Oskar Artur Alexander was a Croatian academic painter and professor.

Vlaho Bukovac was a Croatian painter and academic. His life and work were eclectic, for the artist pursued his career in a variety of locales and his style changed greatly over the course of that career. He was the court painter for Obrenović dynasty and Karađorđević dynasty.

Bela Čikoš Sesija was a Croatian Symbolist painter, art teacher and one of the founders of the Academy of Fine Arts in Zagreb.

Menci Clement Crnčić was a Croatian painter, printmaker, teacher and museum director. He studied painting and drawing in Vienna and Munich, and trained in graphic arts in Vienna, studying etching and engraving. He was the first artist in the Croatian graphic tradition to abandon a strictly linear style and use tonal variation to create contrasting areas of light and shade.

Hugo Conrad von Hötzendorf was a Croatian painter and art instructor of German ancestry .

Oton Iveković was a Croatian painter. A graduate of Academy of Fine Arts in Vienna, Iveković later taught at the Zagreb Academy of Fine Arts. He largely concerned himself with historical topics as well as some religious themes. Many of his paintings remain the chief representations of Croatian history.

Ignjat Job was an important representative of colour expressionism in the art scene of Yugoslavia during the 1930s.
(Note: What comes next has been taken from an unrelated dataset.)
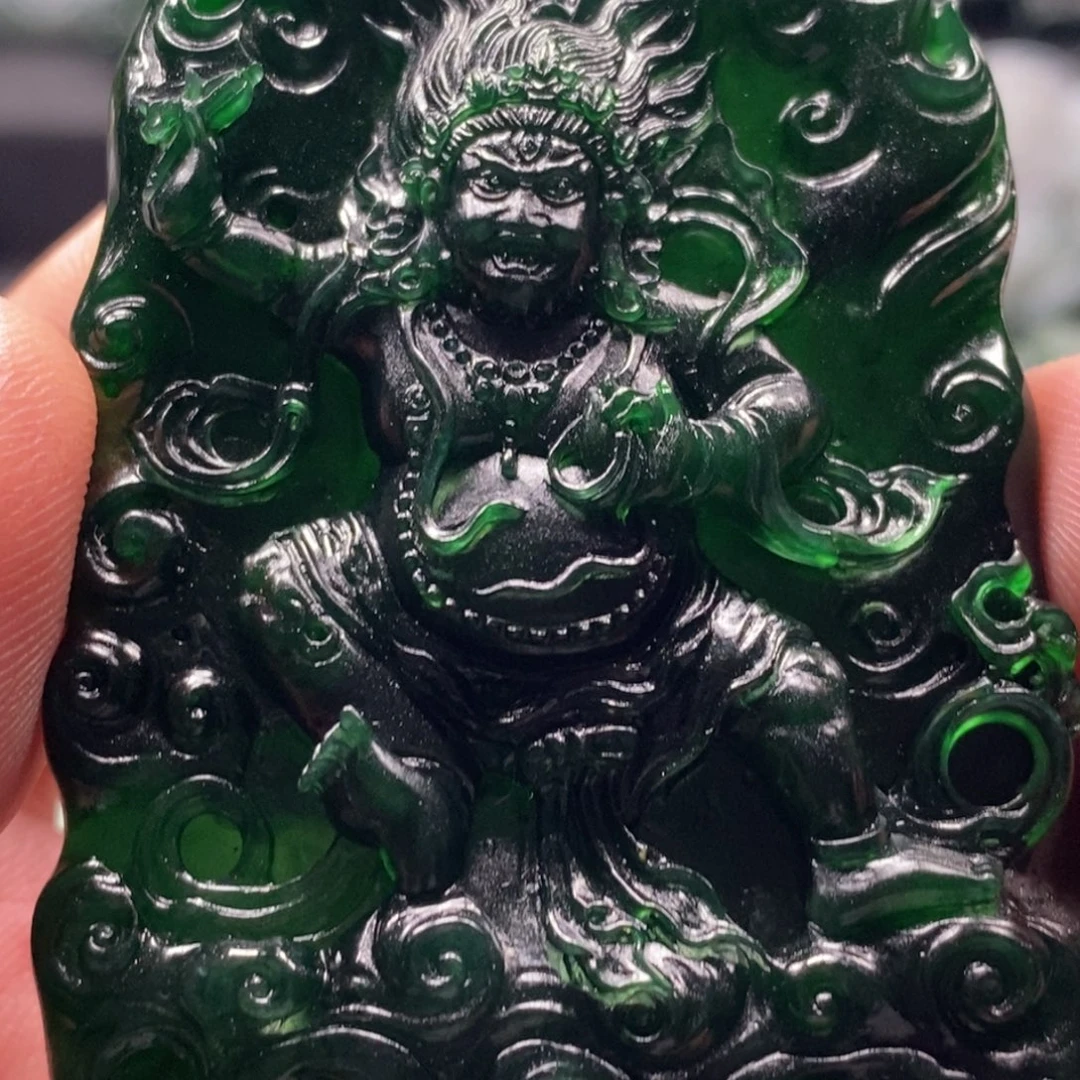 定制翡翠未镶嵌天然翡翠A货大黑天不动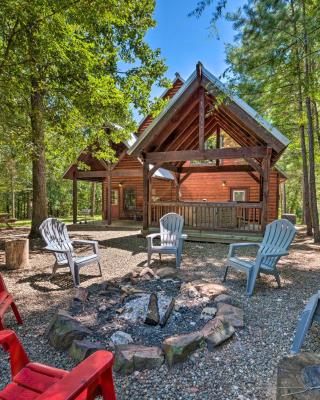 Cabin with Hot Tub and Games, 4 Mi to Beavers Bend!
Job's landscapes of Dalmatia are reminiscent of the style of Van Gogh. He is best known for his series of paintings inspired by life on the island of Brač. Job said that “the beneficial influence of the Brač landscape can be felt, the hot sun, blue sea, and green branches of olive trees swayed by the breath of the maestral”. His paintings depicted the Mediterranean landscape, motifs of the town of Supetar, fishing themes, and more rarely portraits and nudes.

Vjekoslav Karas was a Croatian painter, considered a pioneer of a new era of Croatian painting and art in general.

Mira Klobučar was Croatian painter.

Miroslav Kraljević was a Croatian painter, printmaker and sculptor, active in the early part of the 20th century. He is one of the founders of modern art in Croatia.

Izidor (Iso) Kršnjavi was a Croatian painter, art historian, curator and politician.
Mato Celestin Medović was a Croatian painter. Best known for his large paintings depicting historical scenes, and his series of colourful landscapes and seascapes of his native Dalmatia, Medović is one of the earliest modern Croatian painters.
Ferdinand (Ferdo) von Quiquerez-Beaujeu was a Croatian painter of French ancestry.

Josip Račić was a Croatian painter in the early 20th century. Although he died very young, and his work was mostly created during his student years, he is one of the best known modern Croatian painters. Today, Račić is regarded as one of the most important representatives of Croatian modern painting.

Mirko Rački was a Croatian painter.

Slava Raškaj was a Croatian painter, considered to be the greatest Croatian watercolorist of the late 19th and early 20th century. Deaf since birth, Raškaj was schooled in Vienna and Zagreb, where her mentor was the renowned Croatian painter Bela Čikoš Sesija. In the 1890s her works were exhibited around Europe, including at the 1900 Expo in Paris. In her twenties Raškaj was diagnosed with acute depression and was institutionalised for the last three years of her life before dying in 1906 from tuberculosis in Zagreb. The value of her work was largely overlooked by art historians in the following decades, but in the late 1990s and early 2000s interest in her work was revived.
Ivan Tišov was a Croatian painter. He studied art at the Academy of Fine Arts, Munich, bringing back ideas from the Munich Secession movement to Zagreb. He is best known for his work in public and government buildings in Zagreb, and paintings in churches in his native Slavonia in north-east Croatia.

Adolf Ignjo Waldinger was a painter from Osijek, Croatia. He was a member of Osijek's Bürgerliche Zeichenschule drawing school.